Ouf, pensent-ils : Paris ne sera pas une fête. La France ne deviendra pas une grande rave. Il n’y aura pas de jour J. Pas de : « Et maintenant vous pouvez tous sortir de vos tanières ». Personne en assez grand nombre pour venir demander des comptes à ces irresponsables qui nous ont dit en grande pompe et dans leurs petits souliers : allons, ne renoncez pas aux terrasses mais attention, hein, n’allez pas manifester, et puis vous pouvez aller voter mais, oh, gaffe, n’allez pas défiler, oh et puis zut rester chez vous sinon c’est mille euros, oh et puis finalement allez travailler, oh et puis démerdez-vous, Pâques au balcon et le tison où vous savez.

J’imagine leur petite satisfaction intérieure, quand ils se disent : au moins, il n’y aura pas d’après, ce sera juste une très lente relaxation du maintenant, au pire on aura qu’à agiter le grand épouvantail du deuil national pour empêcher les mécontents de la ramener. On ne passera pas de l’état d’urgence à l’urgence de changer l’Etat, ouf. On baissera les amendes, le périmètre de jogging sera agrandi, les gens pourront entrer à deux puis trois puis quatre dans les boulangeries, les librairies lèveront de quelques centimètres par jour leur rideau de fer, on vendra deux fois moins cher le coffret dvd de Grey’s Anatomy, etc.  On ne laissera pas dire, pas faire, pas penser, pas circuler – enfin, pas comme ça. Il faudra la jouer subtile. Humble. De toute façon, on va leur demander de redresser l’économie, alors ils auront autre chose à faire que nous chercher des noises…
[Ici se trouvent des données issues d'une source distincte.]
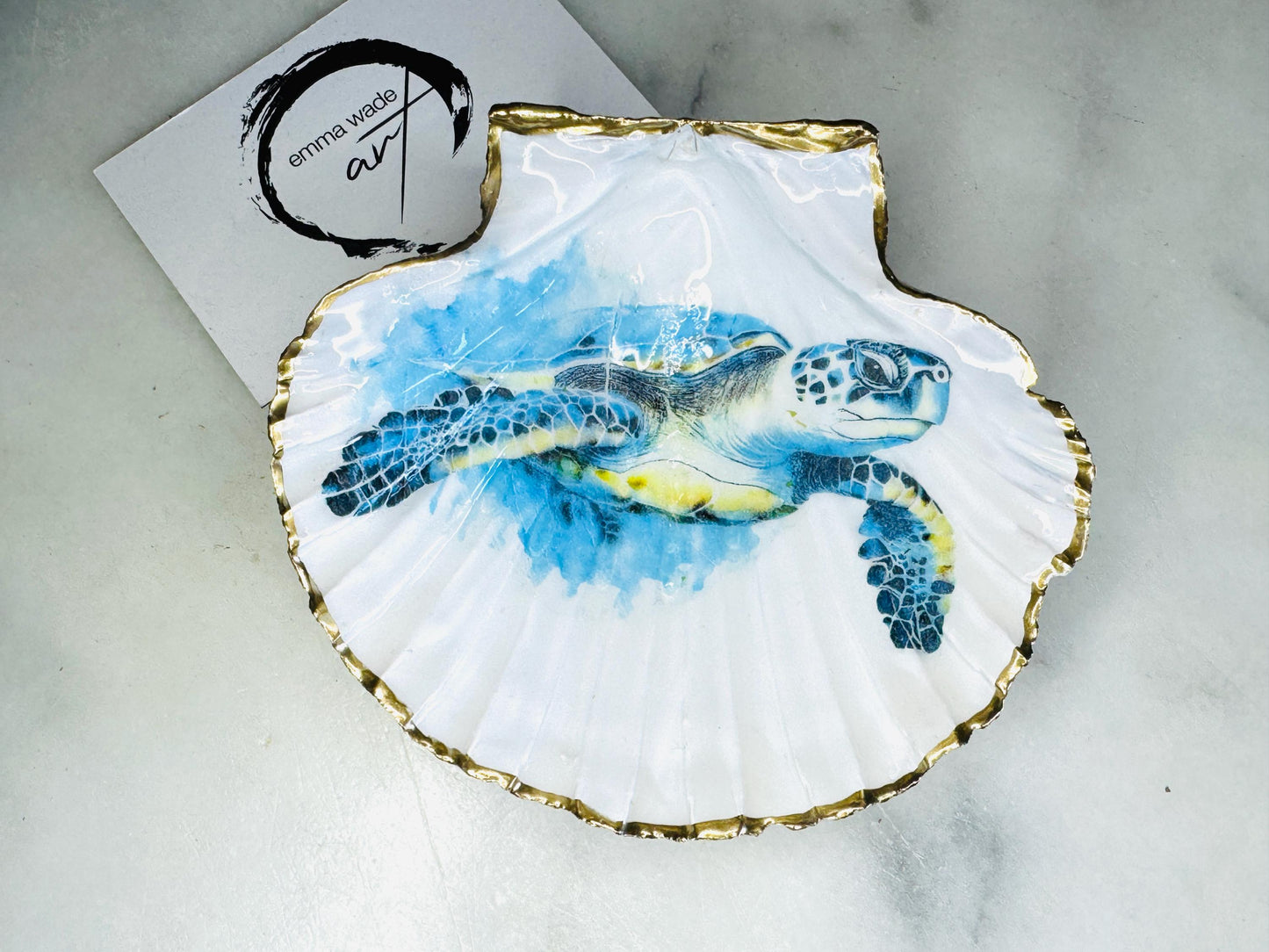 Handmade scallop shell trinket dish featuring a blue sea turtle illustration, finished with high gloss crystal resin and optional gilded gold leaf edges. Coastal home decor shell dish for jewellery, rings, trinkets or bedside storage. Nautical ocean inspired decorative shell, handmade in the UK using sustainably sourced shells from the Dorset coastline. Ideal coastal gift for ocean lovers and beach house interiors.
J’imagine – aussi – leur étonnement si ça ne se passe pas tout à fait comme ça.

samedi 21 mars 2020

Puisque nous sommes seuls

Puisque nous voilà réduits à nous-mêmes, enclos et retranchés, astreints à un isolement en passe de devenir synonyme d’inaction, de stagnation, propice en apparence à la seule inquiétude, au repli, au malaise,

puisque cet isolement – que la rhétorique hygiéniste et militaire nomme « confinement » – est en train de devenir notre quotidien imposé,

puisque notre impuissance à agir s’étend de façon incommensurable, et qu’il ne nous est même plus possible d’offrir notre présence à ceux et celles que la pandémie emporte,

puisqu’il est même interdit d’approcher la tombe où s’effacent les proches,

puisqu’il nous reste, quoi ? l’humour du barricadé ? la peur de l’autre ? le tremblement des sentiments ? l’ écœurant magnétisme du moi ? l’inquiète occupation des heures ?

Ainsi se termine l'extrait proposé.